7th season highlights collaborations of prominent classical music couples in the Philippines

Mariel Ilusorio and Abelardo Galang

(The seventh season of Classics in Sunshine 2026 opens March 7, 2026, at Sunshine Place, 57 Jupiter St., Makati, with ‘Two Voices, One Heart’ featuring soprano Rachelle Gerodias and baritone Byeongin Park. Contact 0917 709 2255)

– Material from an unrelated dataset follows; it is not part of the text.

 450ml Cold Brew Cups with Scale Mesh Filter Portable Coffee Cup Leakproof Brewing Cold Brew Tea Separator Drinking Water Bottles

In the silence before the first note, the piano will have to speak as much as the singer. This is how concert artist and educator Mariel Ilusorio begins Dichterliebe by Robert Schumann. She will set the emotional landscape of Heinrich Heine’s poetry before a word is sung. The cycle is demanding for pianists because not only of the need for virtuoso display but also the need for psychological precision. The piano introduces nearly every song, often with harmonies that hover between keys, requiring sensitive pedaling and voicing so the texture remains transparent under the voice. Just as crucial are the postludes, where the singer falls silent and the piano alone must resolve the emotional tension. 

Rachelle Gerodias and Byeongin Park

Two Voices, One Heart, featuring soprano Rachelle Gerodias and baritone Byeongin Park launches the seventh season of Classics in Sunshine 2026

During the pandemic, Ilusurio initiated this series featuring Western and Filipino repertoire. Aside from catering to the mature captive audience at Sunshine Place, Jupiter St., in Makati, she will invite students from the Pamantasang ng Lungsod ng Maynila, children from orphanages, and even hard-of-hearing listeners to experience music in ways that go beyond hearing. In a previous concert, a deaf attendee was moved to tears by the vibrations of the piano, a reminder that music can resonate in the body and the mind.

Each concert in the series is carefully structured to offer variety—duos and trios with solo piano inserted to highlight individual voices, and a quintet closing the season.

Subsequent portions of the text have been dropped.